- Your instructions
Write out every record exactly as it appears. Skip the pictures.

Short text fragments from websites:
——————

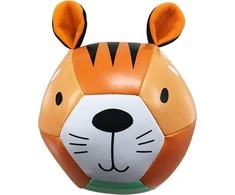Barbo Toys Barbo žaislai minkštas kamuolys su ašaromis, tigras, bobas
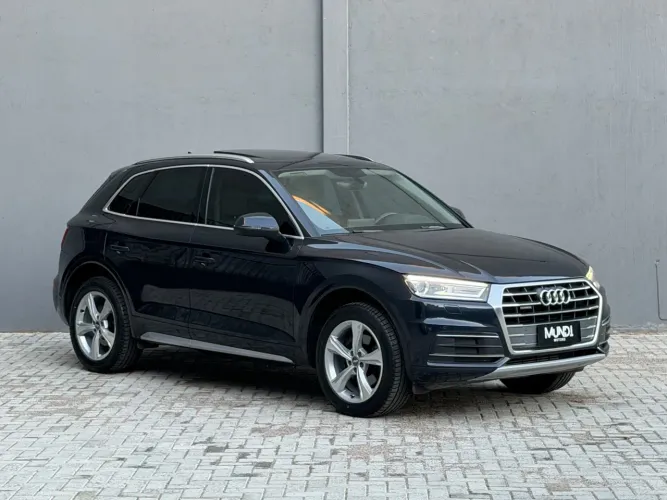 Audi Q5 Prestige Plus 2.0 TFSI Quat. S Tronic 2019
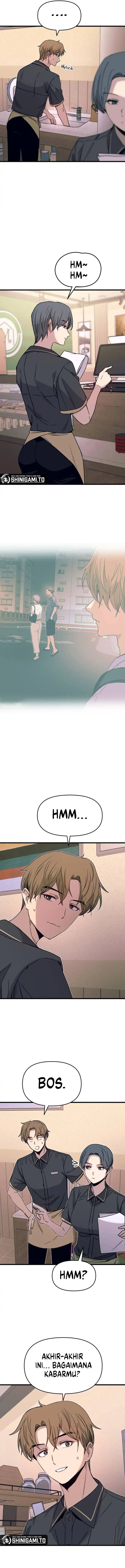 Baca My Bias Gets on the Last Train - Chapter 60 halaman 2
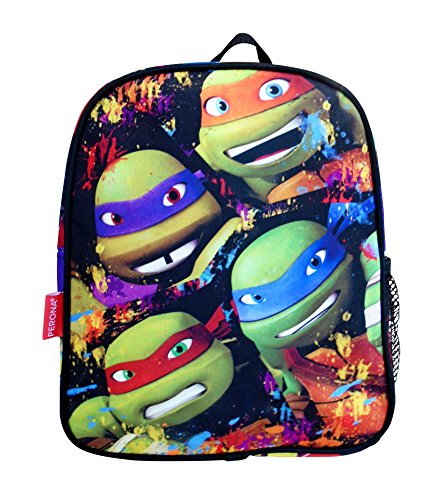Paxos 52106: Mochila materna  diseño de las Tortugas Ninjas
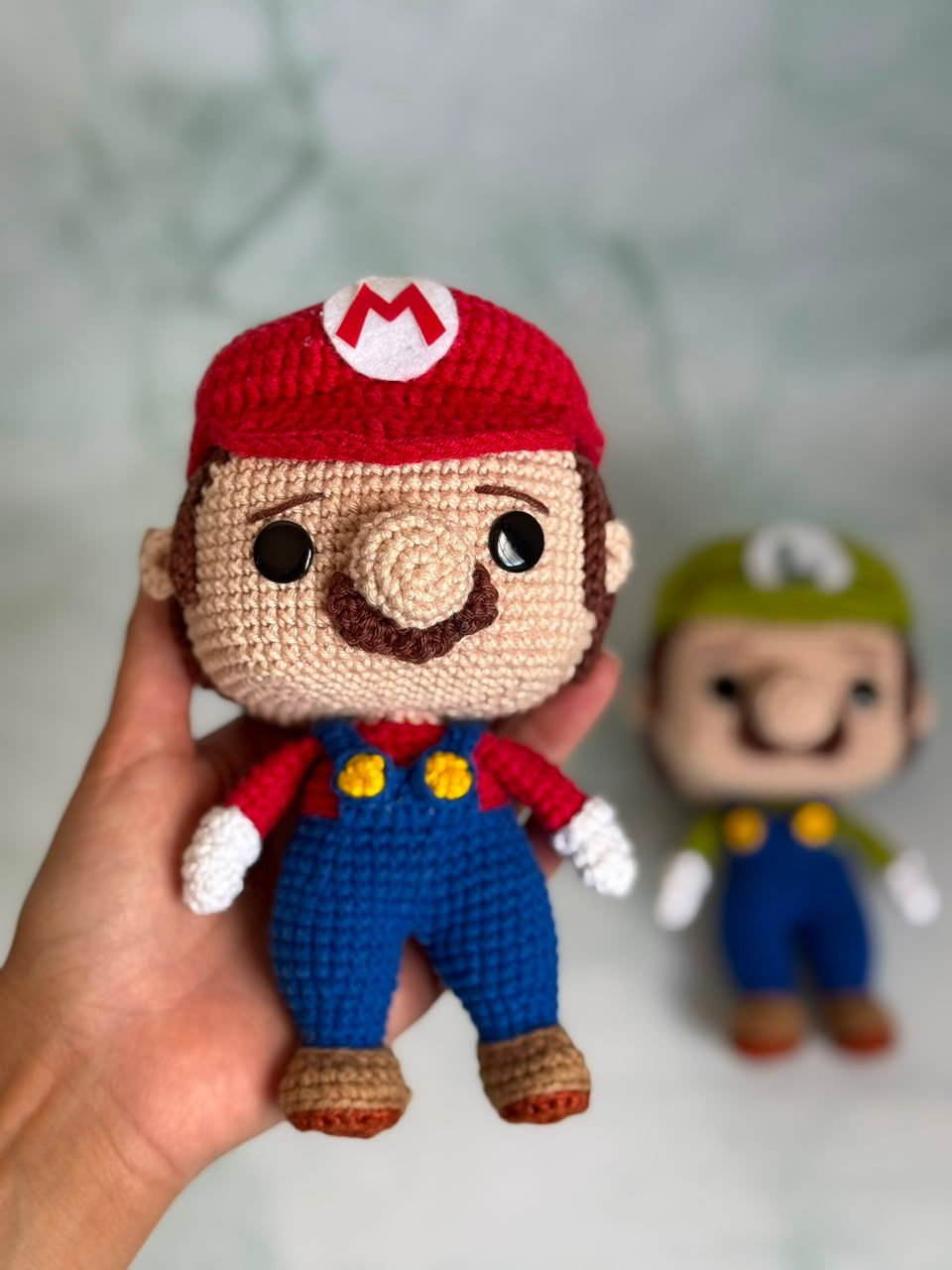 Miniatura: Mario e Luigi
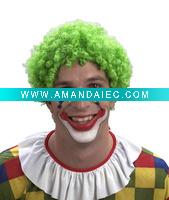 Wholesale spain fans wigs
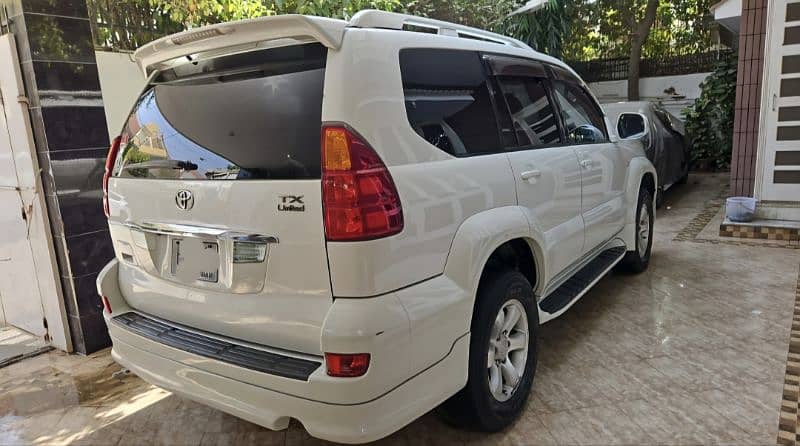 Toyota Prado 2002 2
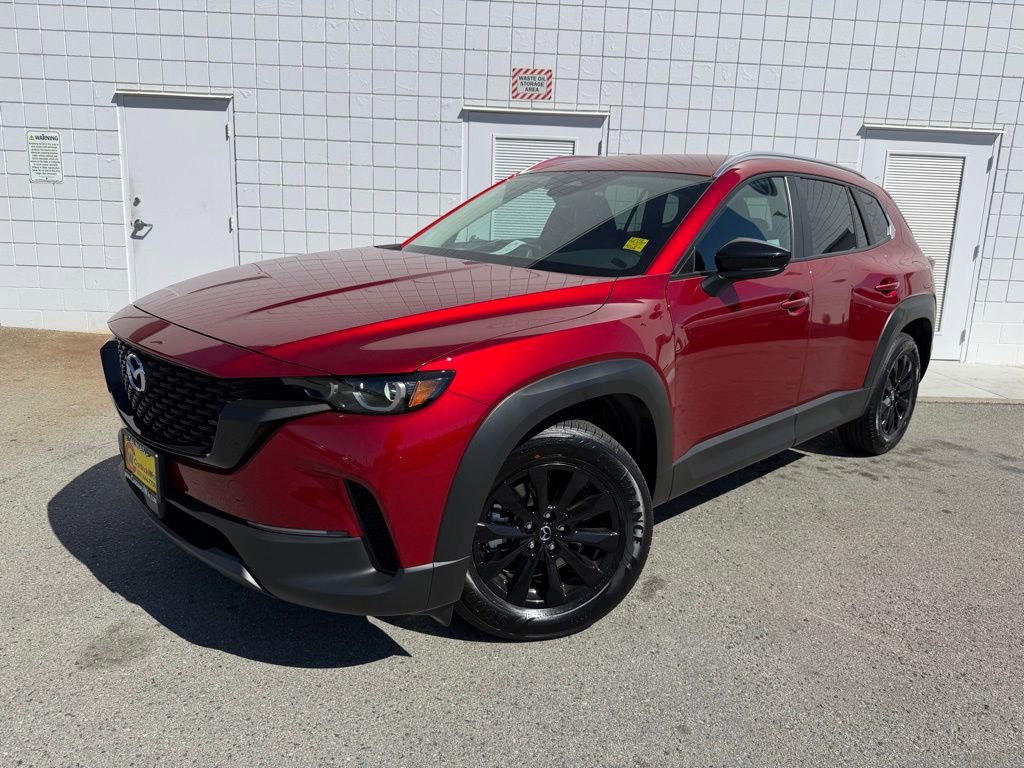 New 2026 MAZDA CX-50 AWD 2.5 S w/ Weather Package image 1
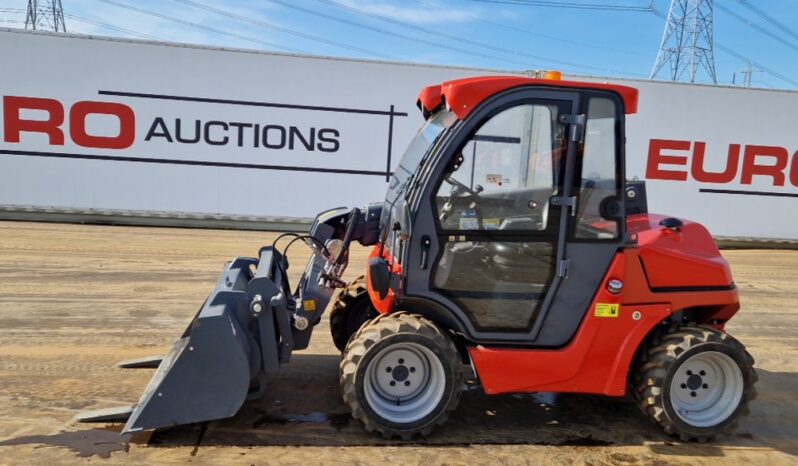 2023 Qingdao ERT1500 Telehandlers For Auction: Leeds, UK – 30th April, 1st, 2nd & 3rd May 25 full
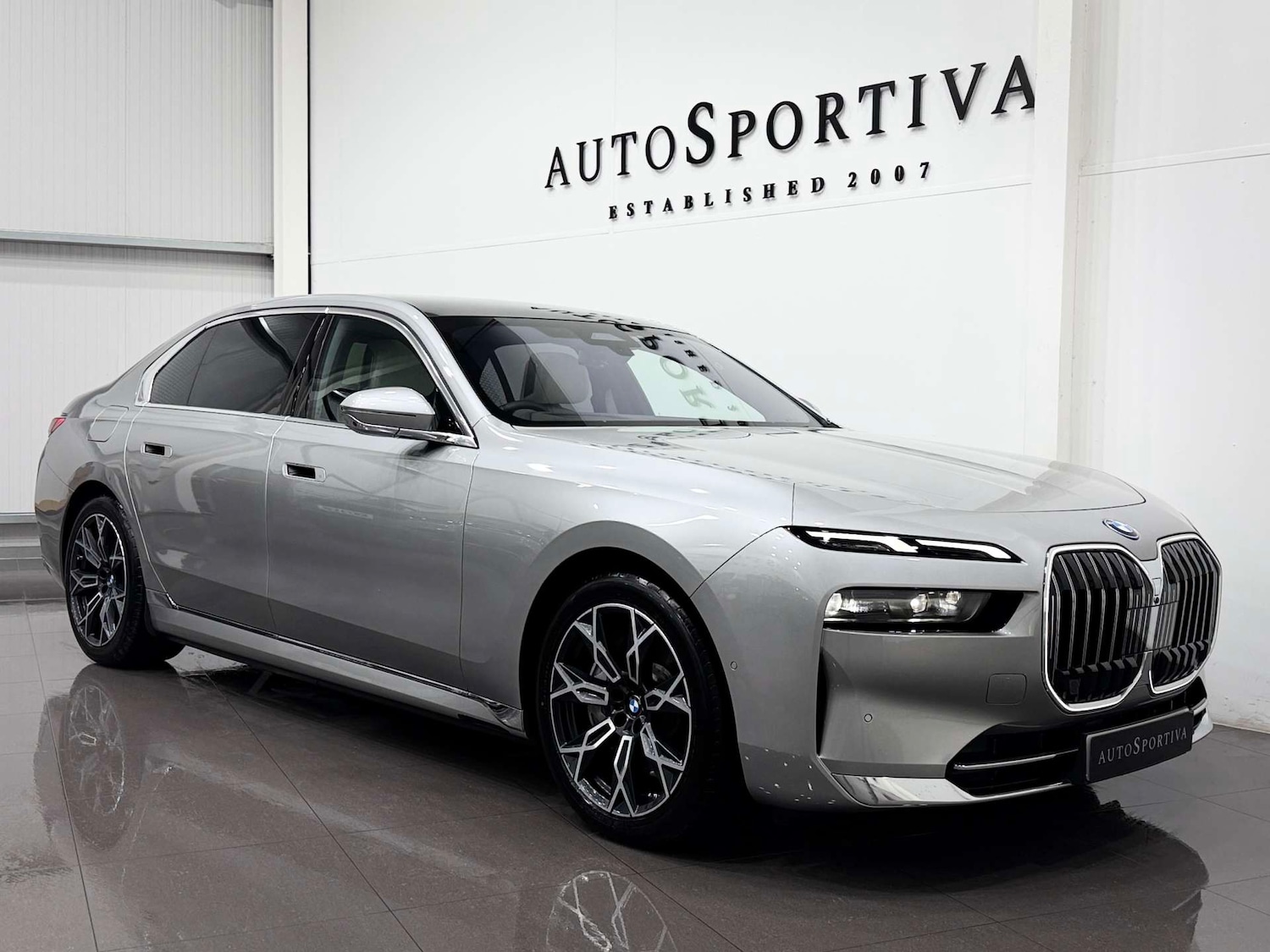 Used BMW 7 Series 2024 for sale - 77833894: Photo 8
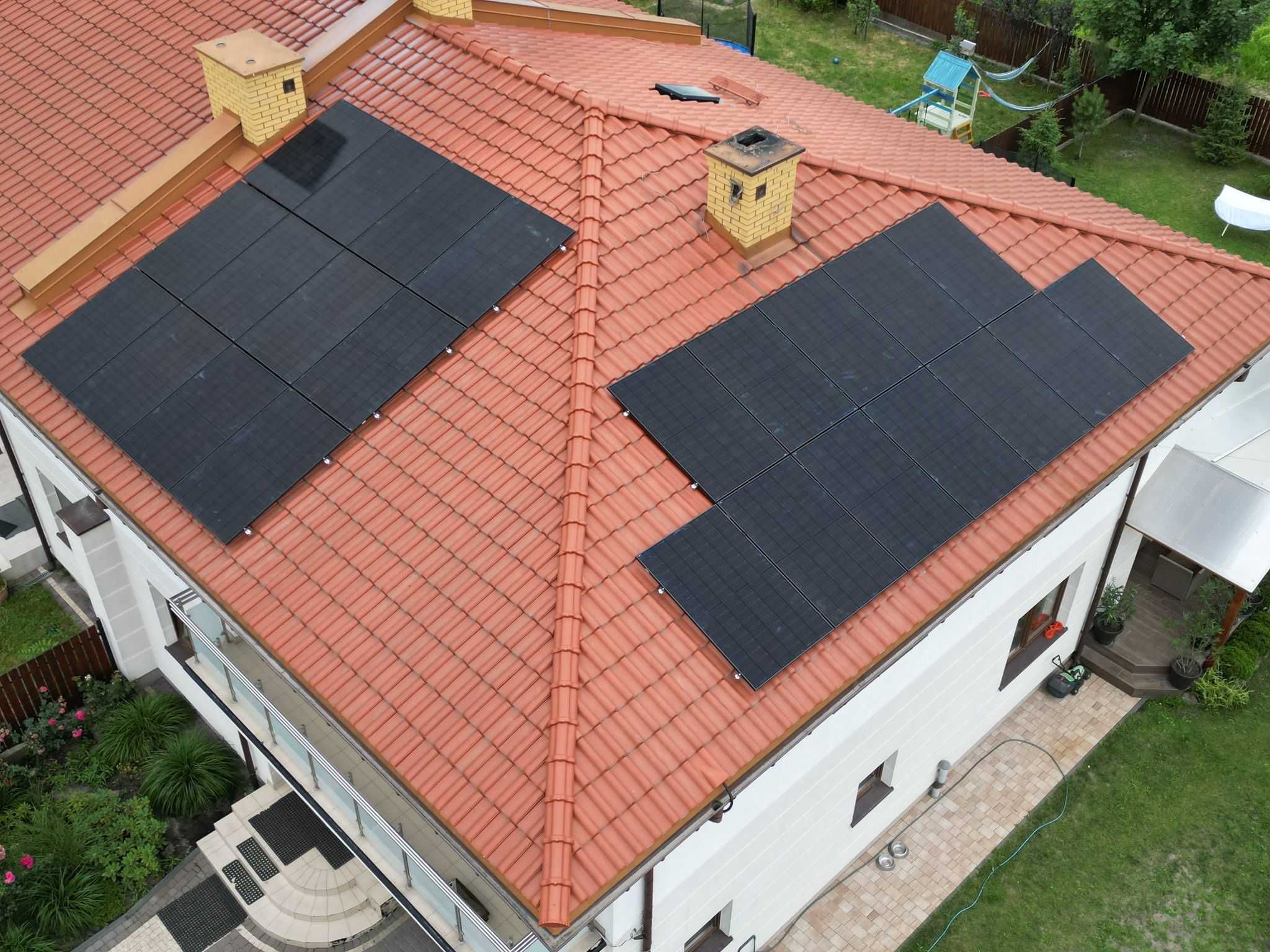 Fotowoltaika 8kW z Magazynem Energii 15 kWh | Z montażem od A do Z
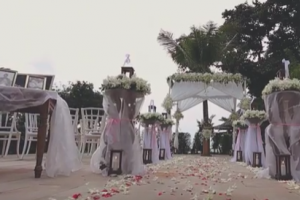 Koh Samui Wedding Video // Ira & Jeffrey Wedding Day Highlight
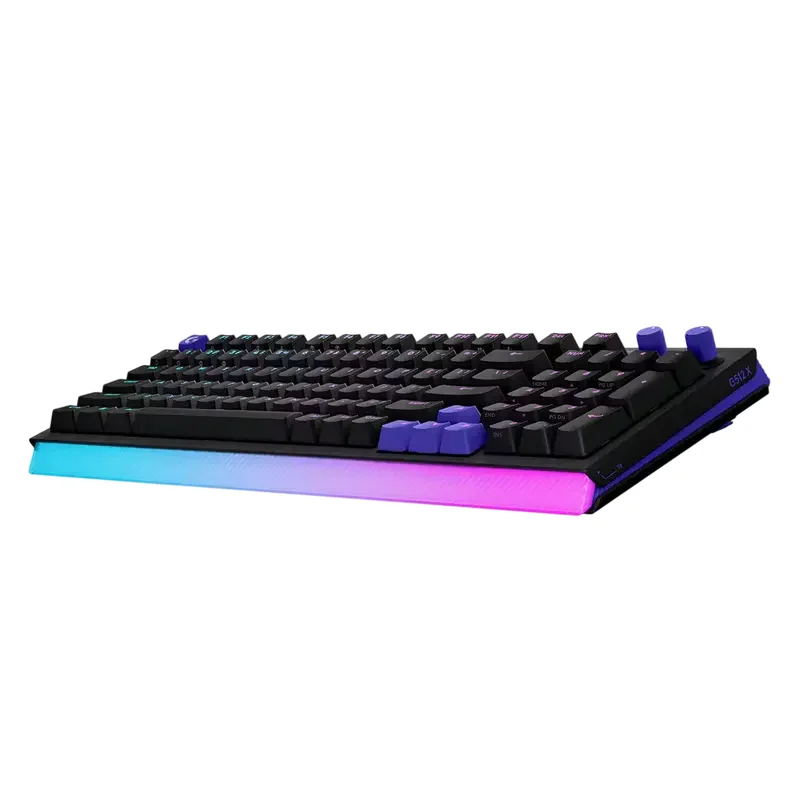 Gaming Keyboard Logitech G512 X 98 Wired, EMEA28i - 935 - Tactile,Black — foto 7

——————

- Result of this exercise
Barbo Toys Barbo žaislai minkštas kamuolys su ašaromis, tigras, bobas
 Audi Q5 Prestige Plus 2.0 TFSI Quat. S Tronic 2019
 Baca My Bias Gets on the Last Train - Chapter 60 halaman 2
Paxos 52106: Mochila materna  diseño de las Tortugas Ninjas
 Miniatura: Mario e Luigi
 Wholesale spain fans wigs
 Toyota Prado 2002 2
 New 2026 MAZDA CX-50 AWD 2.5 S w/ Weather Package image 1
 2023 Qingdao ERT1500 Telehandlers For Auction: Leeds, UK – 30th April, 1st, 2nd & 3rd May 25 full
 Used BMW 7 Series 2024 for sale - 77833894: Photo 8
 Fotowoltaika 8kW z Magazynem Energii 15 kWh | Z montażem od A do Z
 Koh Samui Wedding Video // Ira & Jeffrey Wedding Day Highlight
 Gaming Keyboard Logitech G512 X 98 Wired, EMEA28i - 935 - Tactile,Black — foto 7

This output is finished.